United Kingdom patent application No. GB2017391A, published Oct. 3, 1979, entitled A Sodium/Sulphur Cell, addresses itself to the problems of suspending a plurality of hollow open ended fibers from a tubesheet, and proposes to overcome such problems by positioning a metal wire within each fiber and sealing the fibers at both ends, with the metal wire embedded within and projecting outwardly from at least one sealed end of the fiber. As pointed out by the published application, an appropriate connection can be made between the sealed fiber and a closing plate for the cell in a manner capable of withstanding great mechanical strain and with fewer breakage problems, by closing the end of the fiber to be sealed and by sealing the conductor wire in the closed end and into the closing plate. It is thus possible, according to the published application, to fusion seal one closed end of the fiber having a wire passing therethrough directly to a closing plate for the battery cell. Thus, each fiber becomes an individual closed chamber, which chambers are not in open communication with one another.
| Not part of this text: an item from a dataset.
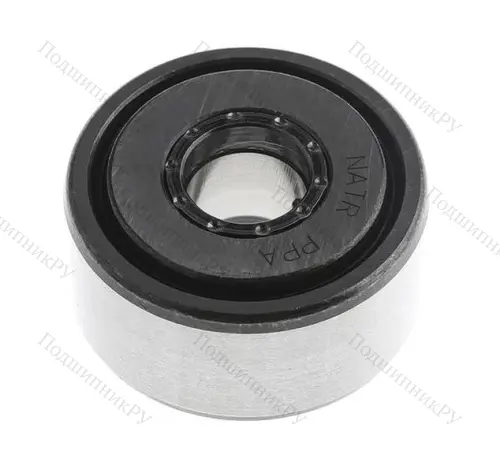 Игольчатый подшипник NATR 10 PP A от производителя  INA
It thus has been an object of the present invention to provide an alkali metal/sulfur cell or battery in which the standard tubesheet which separates the anolyte and catholyte is eliminated as such, by fusing the outer walls of hollow fibers forming the ion-permeable electrolyte together as a solid sealing mass adjacent open ends thereof, in such a manner so as to fill the interstices between such fibers with the glass composition of the fibers while retaining the interiors of such fibers in open communication with an adjacent chamber.
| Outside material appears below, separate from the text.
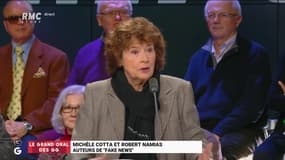 #GrandOral - "La dernière campagne présidentielle a été victime de fake news, venues de puissances étrangères !" @cotta_mi #GGRMC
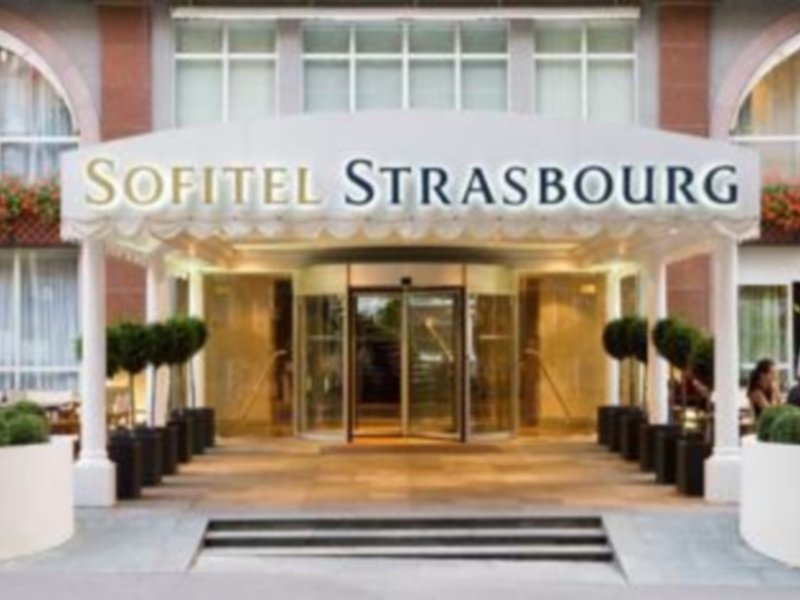 Sofitel Strasbourg Grande Ile Hotel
A further object of the invention has been to provide an alkali metal/sulfur cell or battery wherein the hollow fibers of the bundle forming the ion-permeable membrane or electrolyte are sealed together along adjacent portions of their longitudinal extent intermediate their ends to form a rigid fiber bundle, and such fibers are each provided internally with a cathode lead or cathodic current collector in the form of a wirelike member.